##### Data below

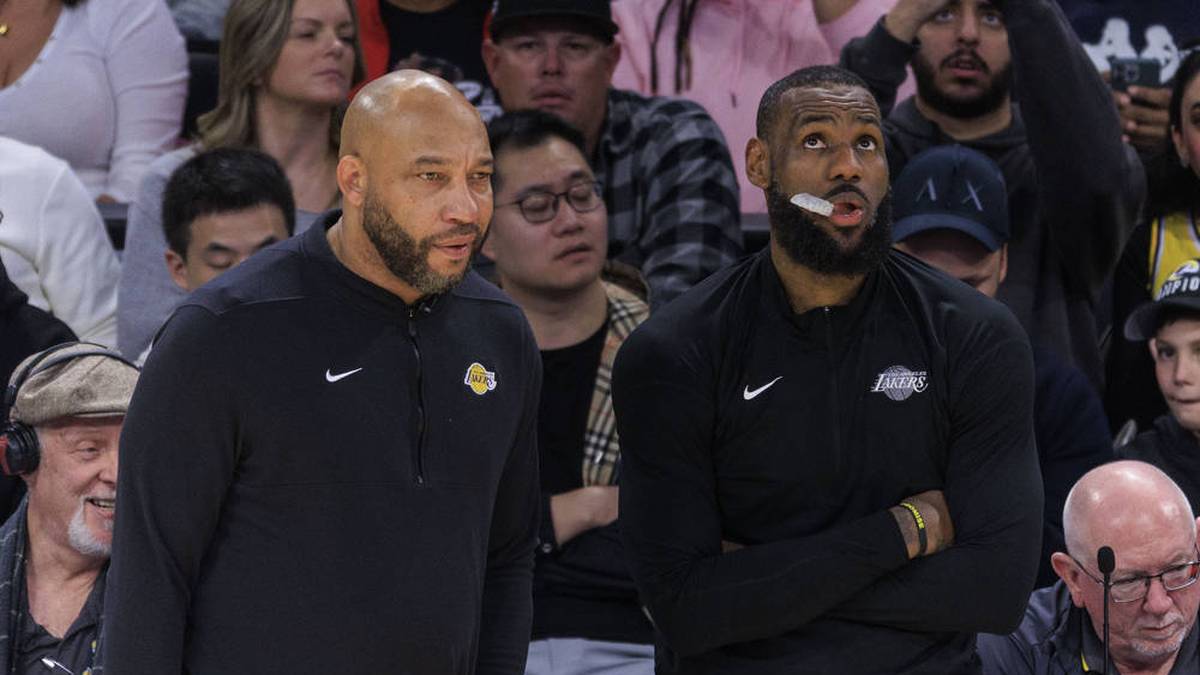 Lakers-Coach entlassen!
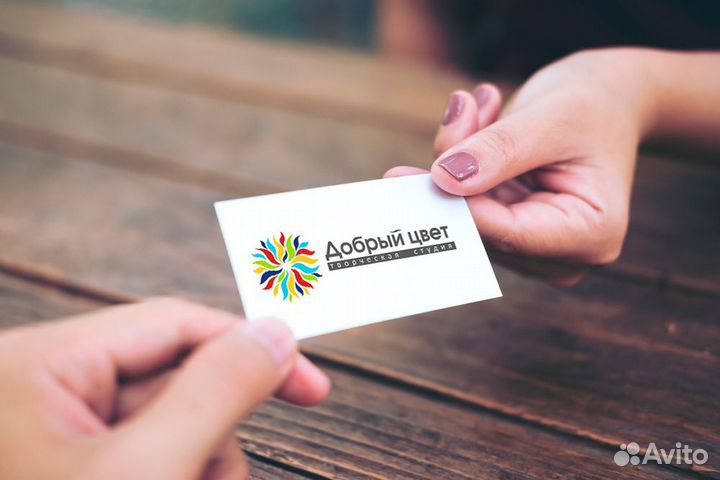 Типография / дизайн, печать визиток, наклеек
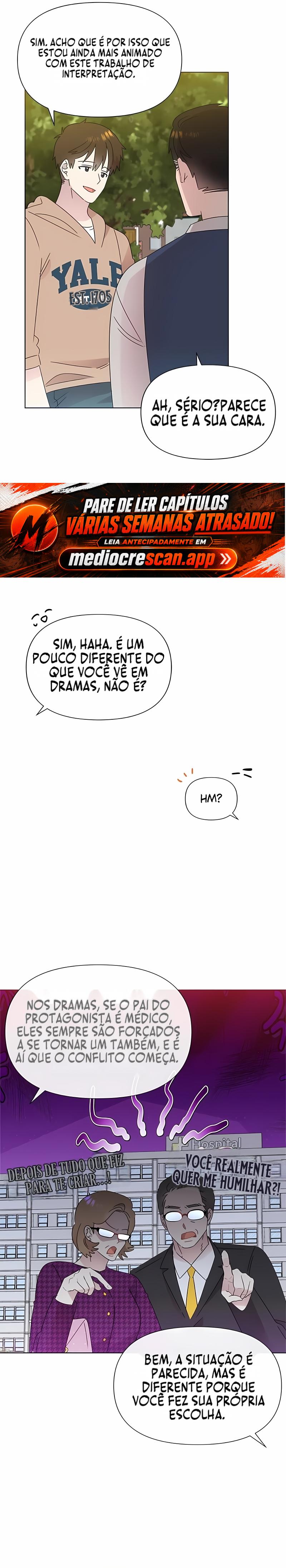 IA - Meu Irmão e Seu Presente Capítulo 41 Página 9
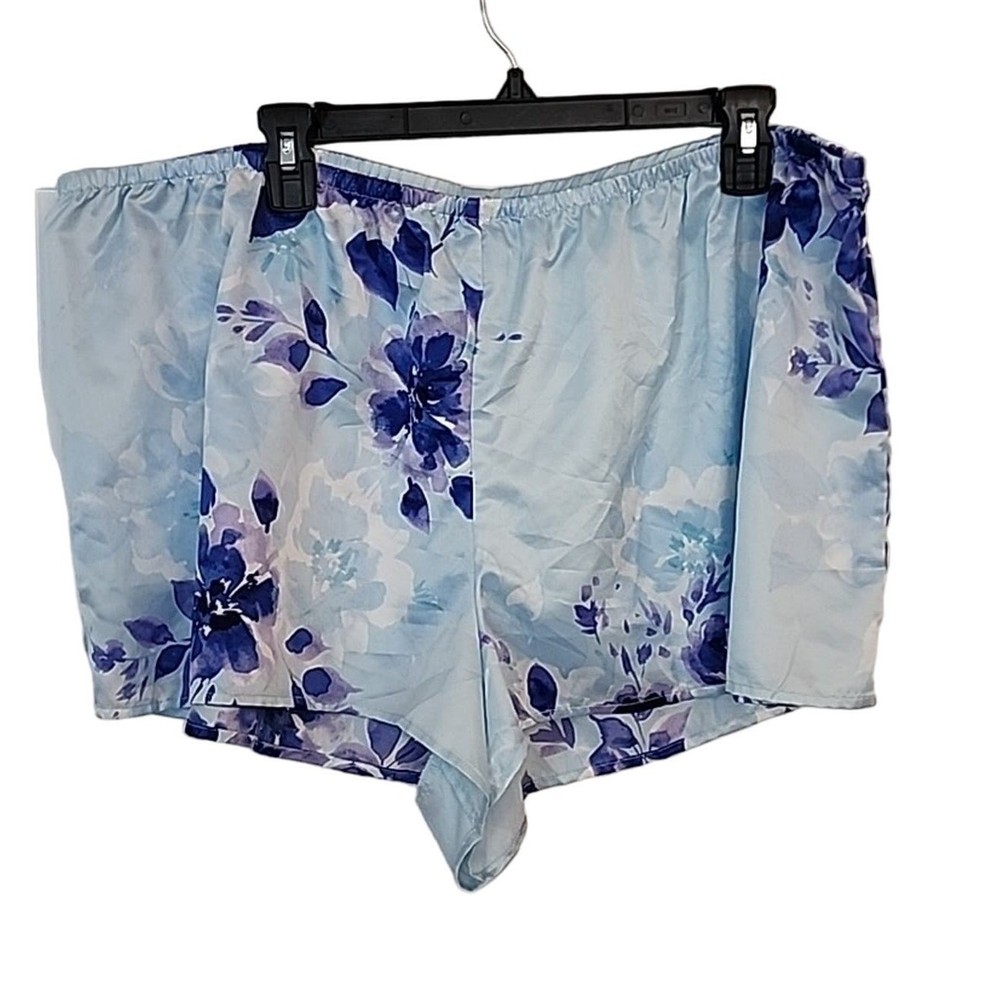Apt. 9 2X Intimates Lounge Sleep Shorts, Lightweight Satin-like Material, NWOT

##########

In your copy, include no pictures and only the lines from the line with "IA - Meu Irmão" through the final line of the listing above, reproduced exactly.

Final answer -
 IA - Meu Irmão e Seu Presente Capítulo 41 Página 9
Apt. 9 2X Intimates Lounge Sleep Shorts, Lightweight Satin-like Material, NWOT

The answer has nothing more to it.